Wohnvorteil: Definition, rechtliche Grundlagen und Anwendungsbereiche
Begriffserklärung und allgemeine Bedeutung
Der Wohnvorteil bezeichnet im rechtlichen Kontext den geldwerten Nutzen, den eine Person durch das unentgeltliche oder verbilligte Wohnen in einer Immobilie hat. Er spielt insbesondere im Familienrecht, im Unterhaltsrecht und im Sozialrecht eine bedeutende Rolle. Die Berücksichtigung des Wohnvorteils erfolgt, wenn eine Wohnung, ein Haus oder eine vergleichbare Unterkunft genutzt wird, ohne dass hierfür eine marktübliche Miete gezahlt werden muss, zum Beispiel als Eigentümer einer Immobilie oder aufgrund eines mietfreien Nutzungsverhältnisses.
Rechtliche Grundlagen des Wohnvorteils
Im Familienrecht
Im Familienrecht ist der Wohnvorteil vor allem im Zusammenhang mit Trennung, Scheidung und Unterhaltsberechnungen von erheblichem Belang. Der Bundesgerichtshof (BGH) hat in verschiedenen Grundsatzentscheidungen herausgestellt, dass der Wohnvorteil als Einkommen zu behandeln ist (§ 1577 Abs. 2 BGB).
Unterhaltsrechtliche Relevanz
Im Rahmen der Unterhaltsberechnung, sowohl beim Ehegatten- als auch beim Kindesunterhalt, wird der Wohnvorteil regelmäßig als zusätzliches Einkommen des Unterhaltspflichtigen oder Unterhaltsberechtigten angerechnet. Dabei ist maßgeblich, ob die Nutzung der Immobilie über den eigenen Bedarf hinausgeht oder ob fremde Dritte in die Nutzung eingebunden sind. Der Wohnvorteil stellt somit einen fiktiven Einkommenswert dar, der die Leistungsfähigkeit der betreffenden Person erhöht.
Sozialrechtlicher Kontext
Auch im Sozialrecht, beispielsweise im Zusammenhang mit Leistungen der Grundsicherung, ist der Wohnvorteil von Bedeutung. Hier wird bei der Berechnung der Bedürftigkeit bzw. Anspruchsvoraussetzungen darauf abgestellt, ob eine mietfreie Wohnmöglichkeit als Einkommensersatz zu berücksichtigen ist.

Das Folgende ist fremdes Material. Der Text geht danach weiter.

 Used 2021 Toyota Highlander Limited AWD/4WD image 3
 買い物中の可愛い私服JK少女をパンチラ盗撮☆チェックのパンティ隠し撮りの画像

Ermittlung und Berechnung des Wohnvorteils
Maßgebliche Bewertungsmethoden
Die Bemessung des Wohnvorteils erfolgt grundsätzlich nach objektiven Kriterien. Bei selbstgenutztem Wohneigentum wird zunächst die marktübliche Miete (auch als „ortsübliche Vergleichsmiete“ bezeichnet) ermittelt, die für eine gleichartige Immobilie am jeweiligen Standort zu entrichten wäre. Von dieser Bruttomiete sind die anfallenden Kosten für Bewirtschaftung, Instandhaltung, Versicherungen, Schuldzinsen sowie laufende Lasten abzuziehen.
Abzug von Belastungen
Wird eine Immobilie wirtschaftlich noch durch Kredite belastet, kann der Betrag für Zins und nicht regelmäßig für Tilgung von dem Wohnvorteil abgezogen werden. Die Tilgung wird im Rahmen der Unterhaltsberechnung in der Regel nicht als abzugsfähige Belastung anerkannt, da sie als Vermögensbildung betrachtet wird. Reparaturkosten und laufende Aufwendungen (z. B. Grundsteuer, Gebäudeversicherung) sind hingegen regelmäßig absetzbar.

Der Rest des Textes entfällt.